His plan is to install the 10,000 electronic fiscal devices that have arrived -- out of the requisite 2 lakh -- at places with high sales turnover like in supermarkets to set the ball rolling.
He will also recruit 1,000 to oversee VAT and income tax collection this year.
The initiatives are expected to yield 10-12 percent collection growth of the NBR come the end of the fiscal year.
Over the next four years, he plans to recruit 25,000 in total for the revenue authority. They will assess whether the individuals have the capacity to give income tax and ask them to file returns. At the same time, if people are paying less tax, they will look into it too.
They will try to convince those people but there will not be any harassment, he said, adding that he will assign people up to the upazila level and set up multiple tax offices in the economically flourishing places.
“I’ll collect tax from those who have the capacity to pay -- they cannot get away without paying any tax. Even if it’s a little they will have to pay. To start off they will pay less and then gradually increase.”
These two avenues will have to shoulder the burden for mobilising revenue for the government: customs will be cut some slack as an expansive list of duty waivers has been offered for the mega projects and to spur industrialisation.
“No country in the world gives as much exemptions as us. It was not possible to collect any revenue from them what we imported thus far in the fiscal year.”
Were those duty waivers not in place, Bangladesh’s tax-GDP ratio would have been 14 percent and not the existing 9.2 percent, which is one of the lowest in the world, according to Kamal.
Some of the exemptions are necessary but some will be reviewed too, he said, while citing the case of the power sector to further his point. At the onset, the power sector was given a host of exemptions; but they are slowly being withdrawn.
“At the moment, employment generation is more important for us than revenue generation. If we seek applications for 1,000 vacancies, 25,000 show up. If we can’t give them employment, what’s the point of the government? We would have failed in our responsibilities.”
But, a restructuring of the tax administration to get it up to speed with modern times -- and particularly automation -- is definitely on the cards.
“It’s not possible to do everything overnight,” he said, adding that the reforms he will be ushering in will eventually pay off.
Kamal, who was in the textile business previously, also seems to have devised a plan for garment exporters, who have been crying out for devaluation of the local currency to give them a competitive edge.
He is emphatically against the possibility of devaluation, an idea which has been pushed by economists and exporters alike. “I will not devalue as we are import-dependent. We will die!”
But in keeping with his alternative thinking, he is planning to give garment exporters Tk 5 extra for every dollar of their export receipts.
He has dispatched men to India, Vietnam, Sri Lanka and Thailand -- all Bangladesh’s competitors in global apparel trade -- to get first-hand knowledge of whether those countries’ governments are giving this benefit to their garment exporters to give them a leg up.

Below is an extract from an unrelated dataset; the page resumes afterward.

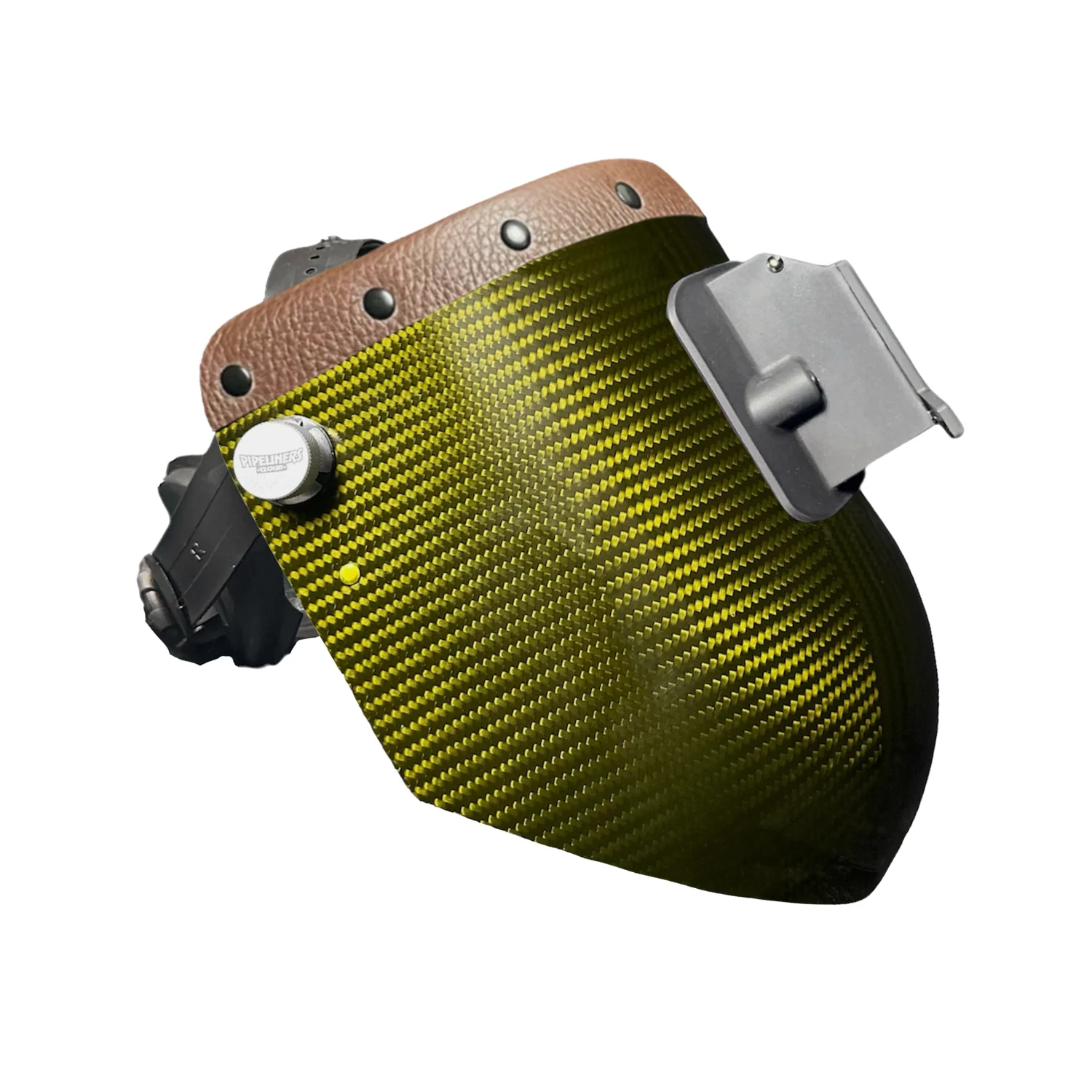 Candy Carbon Fiber Chopped Top Leather Welding Hood - Image 51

“If they are, we will too.”
The move will cost the government Tk 4,000 crore extra, but that may be offset by the surge in foreign currency, like his similar initiative for remitters have done.

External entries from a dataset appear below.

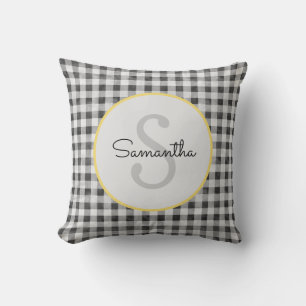 Cute Black & White Gingham Personalised Monogram Cushion
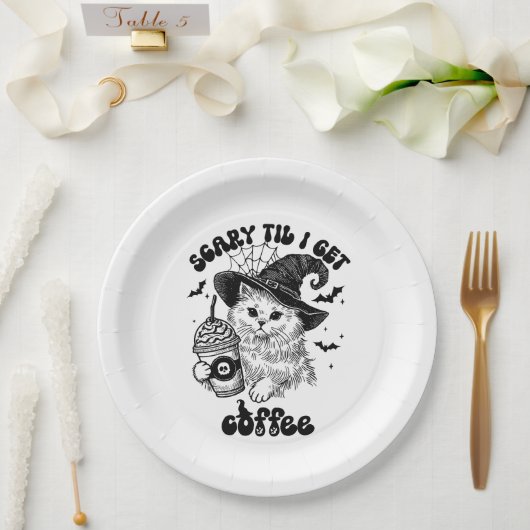 Halloween Kat Koffiepapier Bord (Huwelijk)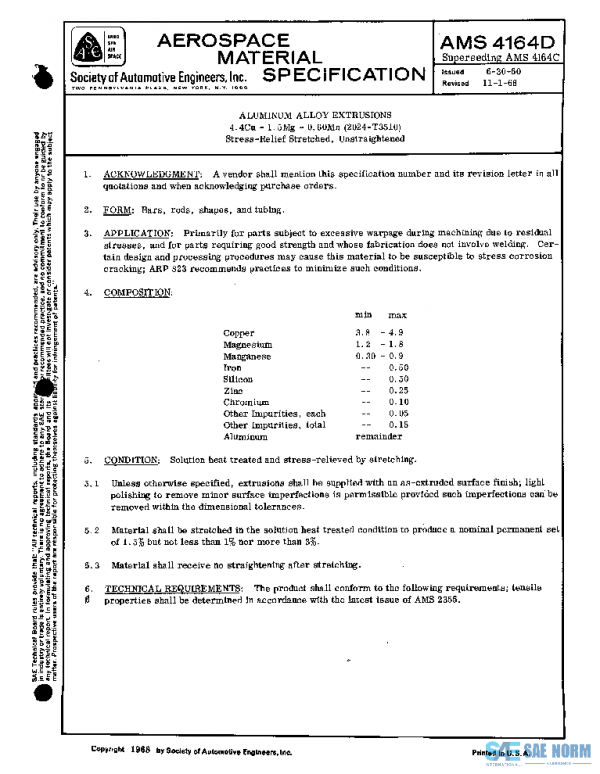 SAE AMS4164D PDF SAE AMS4164D PDF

In his maiden budget, he allocated Tk 3,500 crore to provide 2 percent cash incentive to remitters -- a move the government credits for the record remittance inflow of $18.32 billion in 2019.
That budget -- which was long on promises but short on specifics and came across as empty rhetoric -- will be the blueprint for his next four budgets.
“I’ve prepared the budget for 2041 -- it was a comprehensive budget.”
What the country needs to become an advanced nation is in there, he said.
“Whichever areas need reforms are in there. All I need is to implement them. I need to work hard. It’s a long road ahead -- and we are just getting started.”